Filter, slice, and order

import pyarrow as pa
from chalk import _
from chalkdf import DataFrame

tbl = pa.table({"a": pa.array([1, 2, 3, 4, 5], pa.int64()), "b": pa.array([10, 20, 30, 40, 50], pa.int64())})
df = DataFrame.from_arrow(tbl)

out = df.filter(_.a > 2).slice(1, 2).order_by(("b", "descending"))
print(out.run())

Rename and explode

import pyarrow as pa
from chalkdf import DataFrame

tbl = pa.table({"id": [1, 2], "vals": pa.array([[1, 2], []], type=pa.list_(pa.int64()))})
df = DataFrame.from_arrow(tbl)

renamed = df.rename({"vals": "values"})
exploded = renamed.explode("values")
print(exploded.run())  # (1,1), (1,2)

Group by and aggregate

import pyarrow as pa
from chalk import _
from chalkdf import DataFrame

tbl = pa.table({"g": [1, 1, 2, 2, 2], "v": pa.array([10, 20, 1, 2, 3], pa.int64())})
df = DataFrame.from_arrow(tbl)

out = df.agg(["g"], _.v.sum().alias("v_sum"))
print(out.run())  # rows may be unordered

Joins

Use a list of join keys when both sides share column names. When names differ, pass a mapping of left columns to their right-hand counterparts.

import pyarrow as pa
from chalkdf import DataFrame

left = DataFrame.from_arrow(pa.table({"key": [1, 2, 3], "x": [10, 20, 30]}))
right = DataFrame.from_arrow(pa.table({"key": [2, 3, 4], "y": [200, 300, 400]}))

joined = left.join(right, on=["key"], how="inner").select("key", "x", "y")
print(joined.run())

# Or with an explicit mapping of left->right keys
joined2 = left.join(right, on={"key": "key"}, how="inner")
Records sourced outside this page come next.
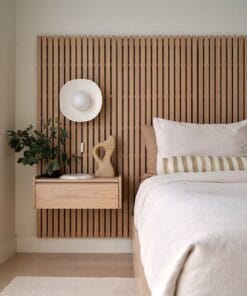 Della Rose Slatted Headboard with Floating Bedside Tables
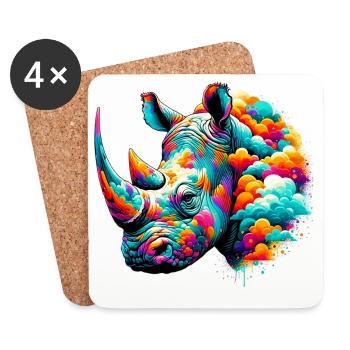 Nashorn - Untersetzer (4er-Set) - Weiß - Vorne
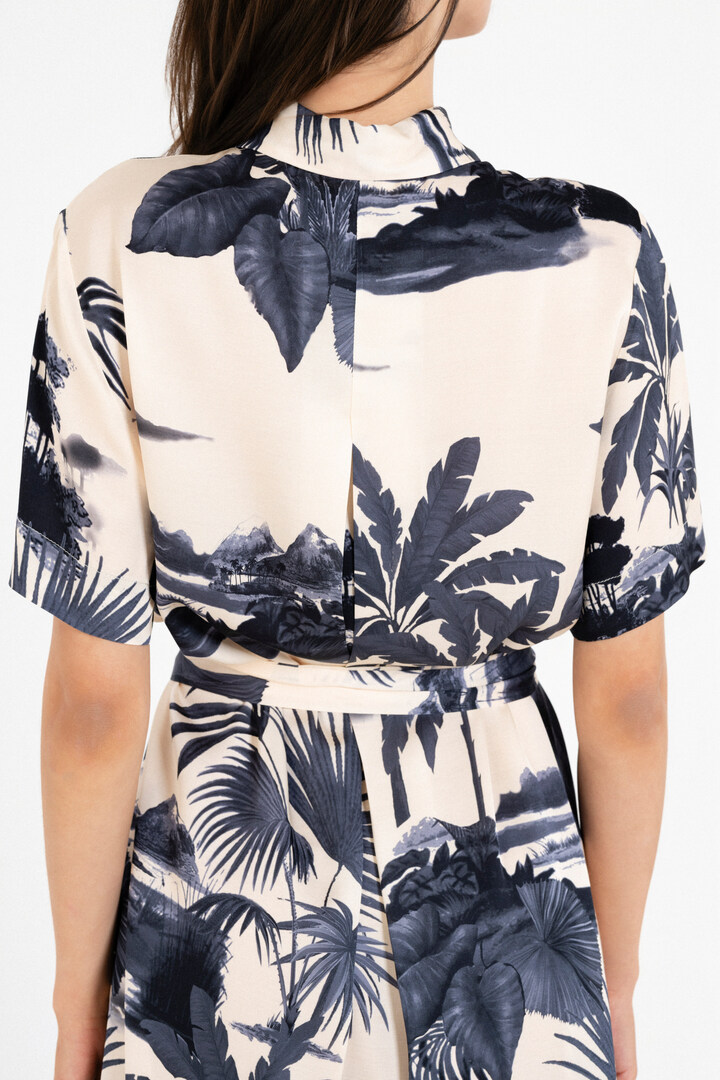SATIN PRINT SHIRTDRESS DARK BLUE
# When column names differ, map each left column to its right counterpart
joined3 = left.join(right, on={"key": "lookup_key"}, how="left")

Scan Parquet files

You can construct a DataFrame that scans one or more Parquet files without loading them eagerly. Use local file:// URIs (or remote URIs when running in an environment with appropriate access):

from chalkdf import DataFrame

df = DataFrame.scan(
    ["file:///path/to/data.parquet"],
    name="my_table",
)

print(df.run())  # materializes and prints a preview

Lazy plans (experimental)

LazyFrame records a chain of operations and can round‑trip to a protobuf for transport or persistence. You can reconstruct the same lazy plan later and convert it to a DataFrame to execute.

from chalk import _
from chalkdf import LazyFrame

lf = (
    LazyFrame.from_dict({"c1": [1, 2, 3], "c2": [4, 5, 6]})
    .select("c1", "c2")
    .slice(0, length=10)
    .filter(_.c1 > 0)
)

proto = lf.to_proto()
lf2 = LazyFrame.from_proto(proto)
assert lf == lf2  # structural equality of the recorded plan

df = lf2._convert_to_df()  # convert to a DataFrame for execution
print(df.run())

Notes:

  • LazyFrame._convert_to_df() is currently a private/experimental helper.
  • For named tables, use LazyFrame.named_table("table_name", schema) as a root.

Testing helpers

Use chalkdf.Testing.assert_frame_equal to compare DataFrame results in unit tests. It materializes both frames to Arrow and supports relaxed comparisons.

import pyarrow as pa
from chalkdf import Testing, DataFrame

left = DataFrame.from_arrow(pa.table({"a": [1.000001], "b": [2.0]}))
right = DataFrame.from_arrow(pa.table({"a": [1.0], "b": [2.0]}))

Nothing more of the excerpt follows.